«C'est compliqué» est une sorte de courrier du cœur moderne dans lequel vous racontez vos histoires –dans toute leur complexité– et où une chroniqueuse vous répond. Cette chroniqueuse, c'est Lucile Bellan. Elle est journaliste: ni psy, ni médecin, ni gourou. Elle avait simplement envie de parler de vos problèmes.
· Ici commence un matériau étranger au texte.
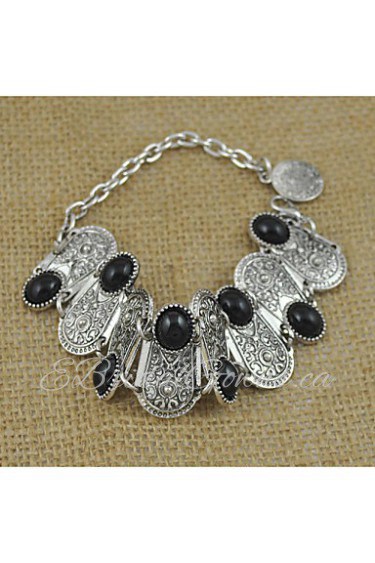 New Bohemia Vintage Tibetan Silver Plated Black Stone Bracelet Women Jewelry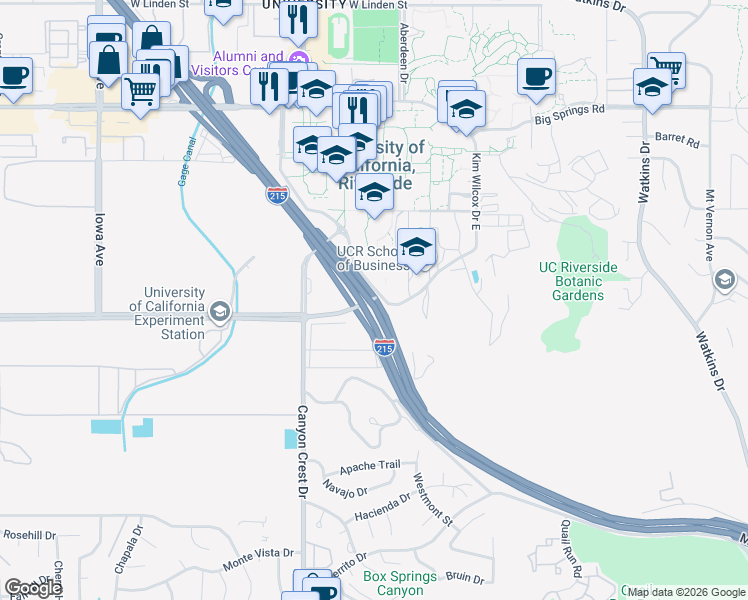 map of restaurants, bars, coffee shops, grocery stores, and more near 215 Martin Luther King Boulevard in Riverside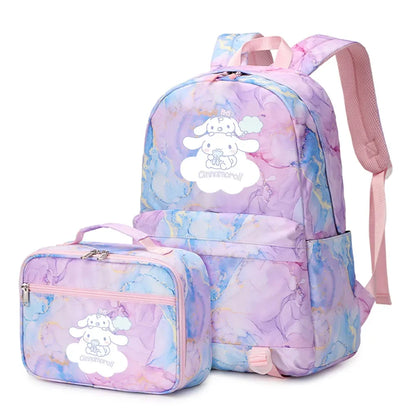 Cinnamoroll Girls Boys Kids 2 pcs Backpack with Lunch Bag Rucksack Casual School Bags for Student Teenagers Women Sets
Si vous voulez lui envoyer vos histoires, vous pouvez écrire à cette adresse: [email protected]
Vous pouvez aussi laisser votre message sur notre boîte vocale en appelant au 07 61 76 74 01 ou par Whatsapp au même numéro. Lucile vous répondra prochainement dans «C'est compliqué, le podcast», dont vous pouvez retrouver les épisodes ici.
Et pour retrouver les chroniques précédentes, c'est par là.
Chère Lucile,
J'ai 34 ans, je suis heureuse en couple et maman d'un adorable petit garçon de 10 mois. Mes parents, qui ne vivent pas loin de chez nous, sont très présents et mon fils les adore.
Je suis toutefois confrontée à un fort dilemme. Je fais partie de cette catégorie de gens dont on parle pas mal dans les médias en ce moment: les personnes conçues par don de gamètes. Mon père étant stérile, mes parents ont recouru à une insémination artificielle avec donneur (IAD) pour m'avoir. Quand j'ai appris mon mode de conception, il y a une dizaine d'années, cela m'a remuée sur le coup puis j'ai cessé d'y penser. C'est en devenant maman que j'ai commencé à m'interroger sur mes origines: on me dit que mon fils me ressemble, mais moi, de qui je tiens tel ou tel trait?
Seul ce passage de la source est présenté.